Die SPÖ im Migrations- und Islamdilemma

Im linken Milieu herrscht Konsens darüber, dass eine Politik der offenen Grenzen human, korrekt und gut sei. Dabei gäbe es auch aus linker Perspektive genug Argumente, die Zuwanderung aus der islamischen Welt zu beenden.

Am 27. Jänner wird der SPÖ-Landesparteitag den neuen Parteichef und künftigen Bürgermeister in Wien wählen. Seit Wochen legen die beiden Kandidaten, Michael Ludwig und Andreas Schieder, den Delegierten ihre Positionen dar. Was dabei auffällt: Beide Herren, einer angeblich dem „rechten“, der andere dem „linken“ Flügel zugehörig, arbeiten sorgsam um die entscheidenden Themen herum.

Jene Themen, die immerhin Werner Faymann 2016 den Parteivorsitz und die SPÖ 2017 den Bundeskanzler kosteten. Ausgerechnet zur muslimischen Masseneinwanderung, zu Asyl und Integration sowie zum Problem islamischer Parallel- beziehungsweise Gegengesellschaften finden die Kandidaten keine klaren Worte.

Natürlich ist davon auszugehen – oder wenigstens zu hoffen – dass beide Politiker hier Standpunkte haben und die Dimension der Herausforderungen erkennen.

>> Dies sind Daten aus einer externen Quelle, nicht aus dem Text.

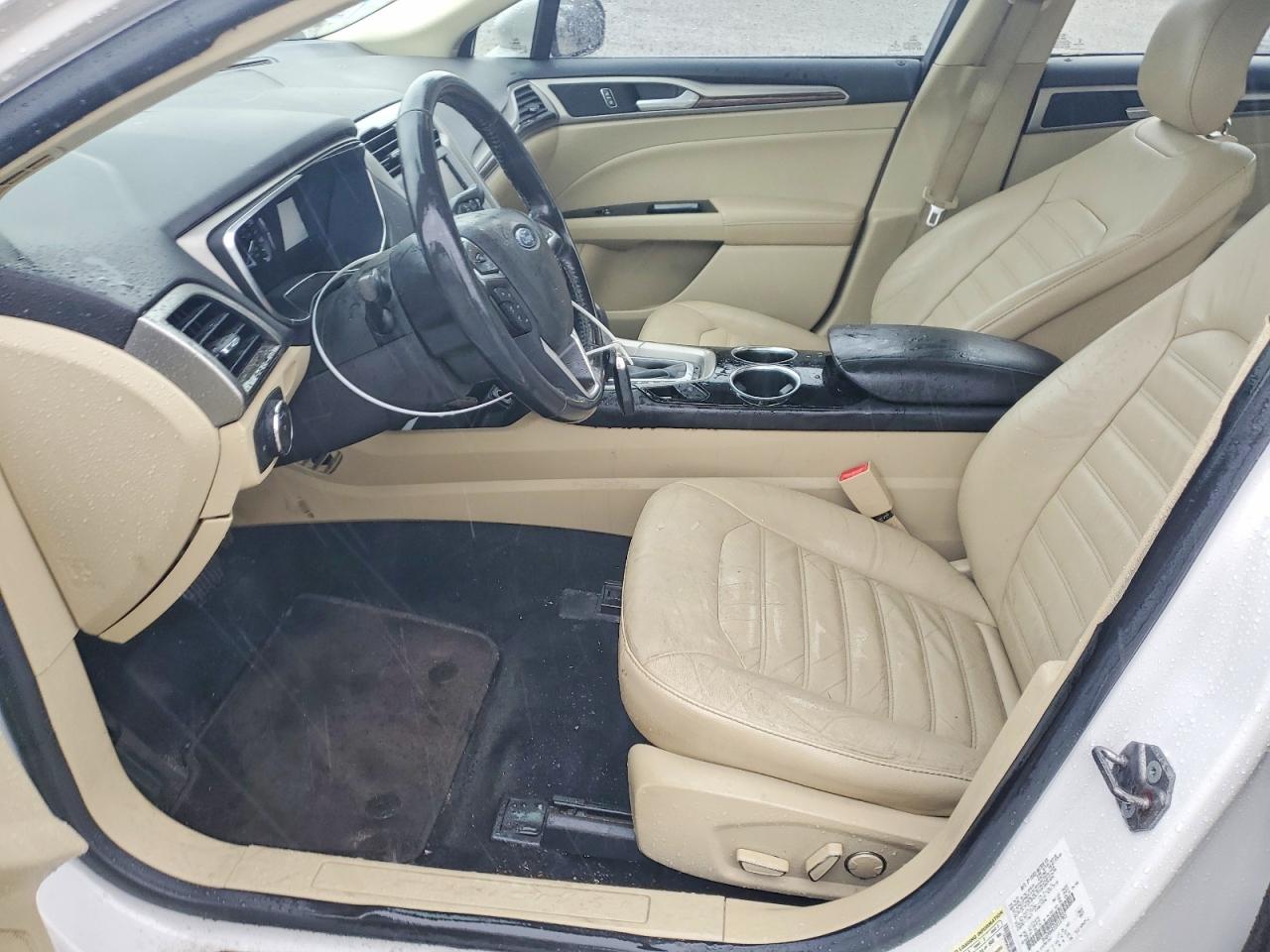 2013 Ford Fusion Se Белый vin: 3FA6P0HR2DR337905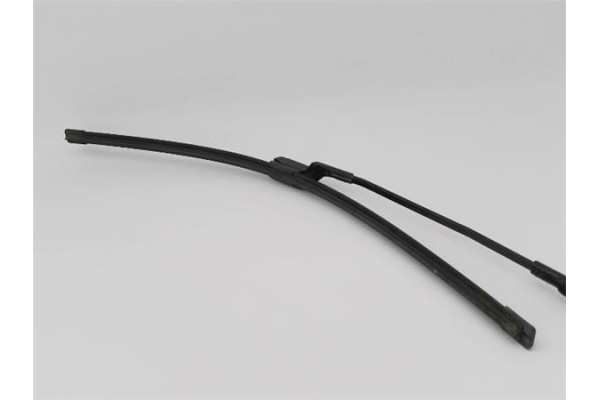 Recambio de brazo limpiaparabrisas delantero izquierdo para peugeot 2008 1.2 access referencia OEM IAM 1608393180  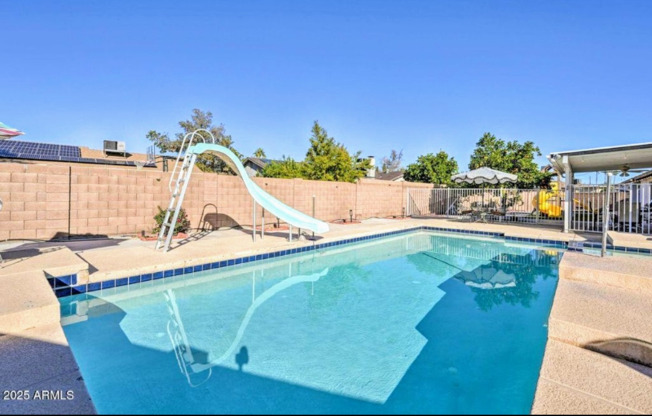 1976 W ANGELA DR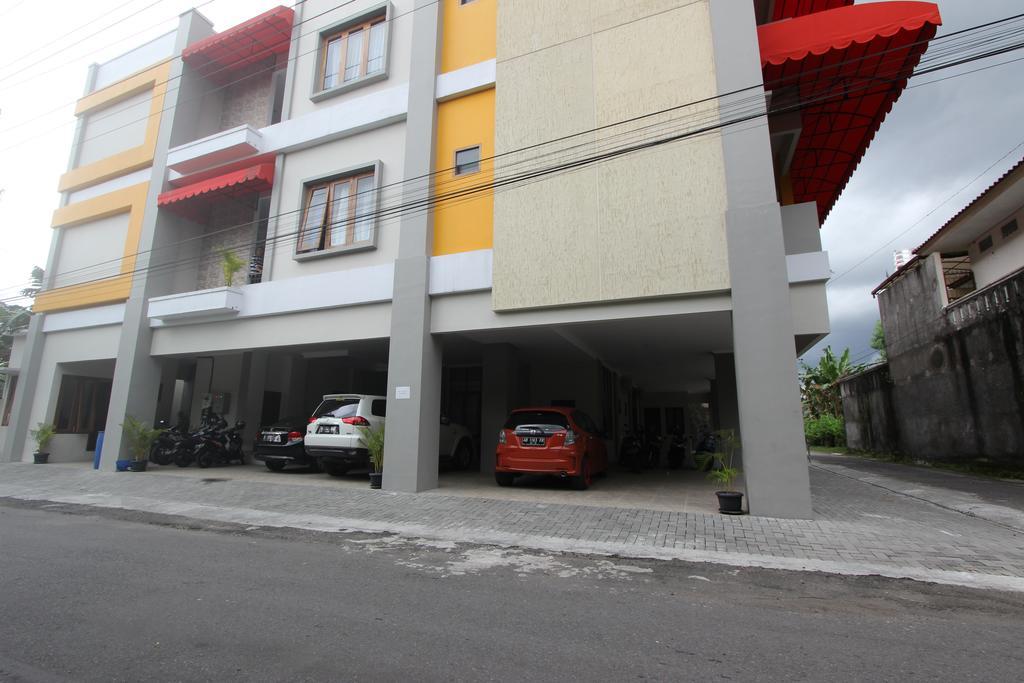 Hotel Reddoorz @ Plemburan Sleman  Exteriér fotografie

Da ihre Partei in diesen Fragen aber gespalten und inhaltlich desorientiert wirkt, hüten sie sich vor eindeutigen Festlegungen.

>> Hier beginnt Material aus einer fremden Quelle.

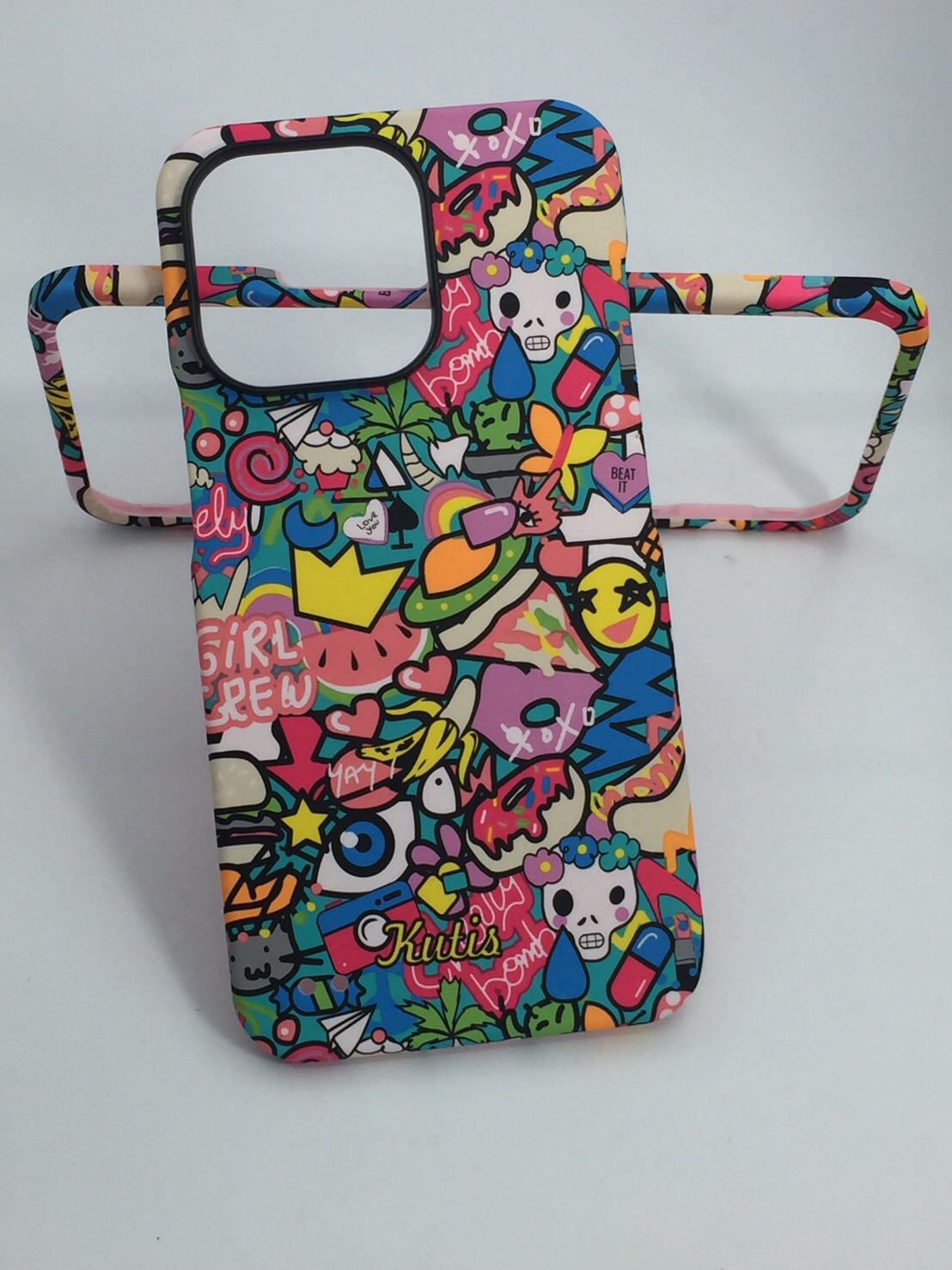 เคสคูทิส(Kutis)เคสไอโฟน13PRO(ลายStreet)มาใหม่ เคสประกบหน้า-หลัง เคสเรืองแสง เคสลายวินเทจ ร้านSuperhero Klongthom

Sprengstoff für den Sozialstaat

Denn aus verschiedenen, nicht immer nachvollziehbaren Gründen hat sich innerhalb der Sozialdemokratie und anderer linker Milieus im Lauf der letzten Jahrzehnte der diffuse Konsens herausgebildet, eine Einwanderungspolitik möglichst offener Grenzen für human, ideologisch korrekt und mithin gut sozialdemokratisch zu halten.

Zwar gibt es zuhauf rationale Argumente gegen eine Asyl- und Migrationspolitik, die der ungebremsten Masseneinwanderung huldigt: beginnend bei den Kosten von zwei bis drei Milliarden Euro jährlich allein in Österreich; und endend bei den Folgen, die mittelfristig zu gewärtigen sind, wenn Menschen ins Land gelangen, deren religiös und kulturell fundiertes Wertesystem jenem der Aufnahmegesellschaft teils diametral entgegengesetzt ist. Denn die Ausbildung von – in diesem Fall – islamischen Gegengesellschaften ist nicht nur eine sicherheits- und demokratiepolitisch gefährliche Entwicklung.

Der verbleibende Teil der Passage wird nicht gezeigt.